For all of humanity, I am broadcasting.

[cheering]

One has to understand Father Divine

as a very early progenitor
of the civil-rights movement.

Father Divine's early followers

were involved in protests
and petition drives

and letter-writing campaigns
that insisted upon civil rights

at a time when that call
was very muted in American life.

But a call that would grow

and touch off a new era
of social upheaval...

with racial tensions
erupting into violence

- and a wave of political assassinations.
- [gunshots]

Many began doubting
the war in Vietnam was just.

Americans' trust in their government
plummeted...

and the specter
of imminent nuclear annihilation

made the entire nation
feel like it was under siege.

This drove a generation
to search for new kinds of community

and alternative sources of meaning.

And so what we saw at that time

was the rise
of these charismatic individuals,

some of them American, many of them
drawing from traditions of the East,

particularly in India.

"We are the righteous few."

"We know the answer."

And that knowledge was an antidote

for the turbulent times in which we lived.

But that knowledge
sometimes came with a catch.

The search for
alternative forms of meaning,

these things have at their back
a very powerful appeal.

And sometimes people start out,

even the leaders themselves,
believing in that appeal.

But there is a break in human nature

in which idealism can very easily
turn into authoritarianism.

The same religious tolerance
that allowed the country to thrive...

Take that step.

...made Americans
particularly susceptible to manipulation.

[cheering]

Even Father Divine was accused of

taking advantage of his followers
financially,

including convincing them
to buy him a hotel,

and bilking a woman
out of her inheritance.

And one man was watching all this
and taking notes...

Jim Jones.

So Jim Jones, he studied,
you know, Father Divine

to see how Father Divine
set up his community.

Jones' desire to learn from Divine

was even immortalized
in a 1980 TV miniseries.

That's James Earl Jones
playing Father Divine.

But how could you sustain such a movement?

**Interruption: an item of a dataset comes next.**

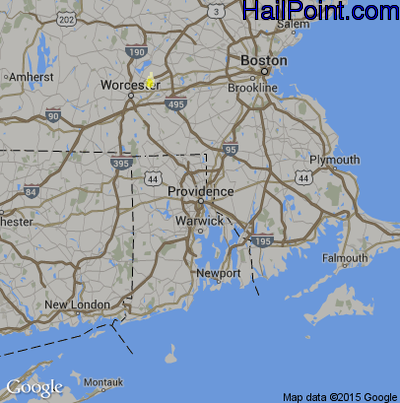 Hail Map for Providence, RI Region on August 18, 2015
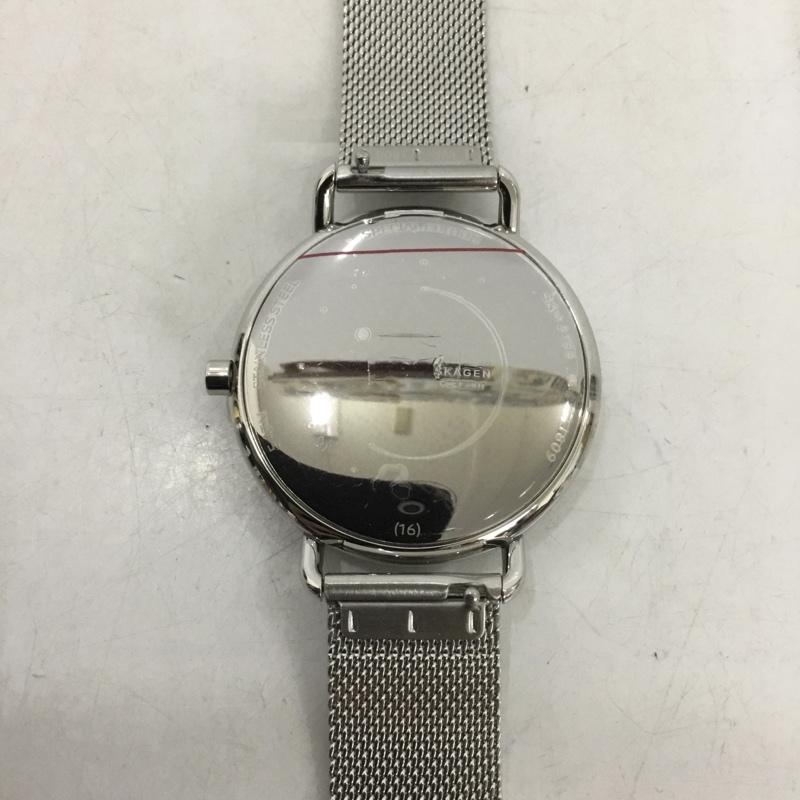 スカーゲン SKAGEN 腕時計 アナログ(クォーツ式) SKW2738 ロゴ、文字 銀 / シルバー / X 紺 / ネイビー / レディース USED 古着 中古 10134888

How did my son Moses sustain his flock?

But the cost?

Ask and you shall receive, my son.

Ask and you shall receive.

Jim Jones took some of the appeals
to social justice

that were intrinsic
to Father Divine's message,

and he used them,
first to attract people,

and later, to manipulate people.

And it's when that manipulation
becomes destructive

that a group becomes a cult,
according to social scientists.

It's really not about the belief system,
per se.

It's about the behaviors of the group

and the ways in which it uses, uh,
various methods of influence and control

to manipulate and exploit the members.

Charles Manson convinced his followers
to murder nine people

in an attempt to incite a race war.

Shoko Asahara ordered his followers

to release sarin gas in the Tokyo subway,
killing 13.

And Marshall Applewhite of Heaven's Gate
convinced his followers of this...

Periodically,
that level comes in close enough

and offers a graduation class,

offers life out of this evolutionary level

into that evolutionary level.

Which led many
to castrate, then kill themselves,

believing this would help them
ascend to a higher plane.

The eternal fascination with cults
stems from the mystery

of how their leaders
exert such complete control.

[Janja] What they're using
is basic social psychology.

They're using everyday influence
and control techniques.

[Stanfield] So as a public service,
we present to you

seven elements that social scientists say
can lead to indoctrination into a cult.

Number one...

You're going through a transition,
perhaps a difficult one.

I was a starving,
not-very-successful actor

in my 20s in New York.

When you're in that vulnerable state,

uh, you're going to be more open
to trying something.

Maybe, you know, pull a thing
off a... on a bulletin board

that says, "Come to this yoga class."

The first meditation began,
and I felt the experience

of wave after wave
of love and connectedness.

Which is all part of the soft sell.

I had a questionnaire.

Just, like, questions about life
and the universe, "Are you happy?"

Once you take that first step

and go to that first meeting or talk
or meditation group or Bible study,

recruiters can work on you
and invite you back,

and-and it basically is a process
from there.

We'd encourage them
to go to this retreat center in the woods,

you know, where we can
further indoctrinate them.

This is the first step
toward the creation of a new reality.

We were kept in this closed environment...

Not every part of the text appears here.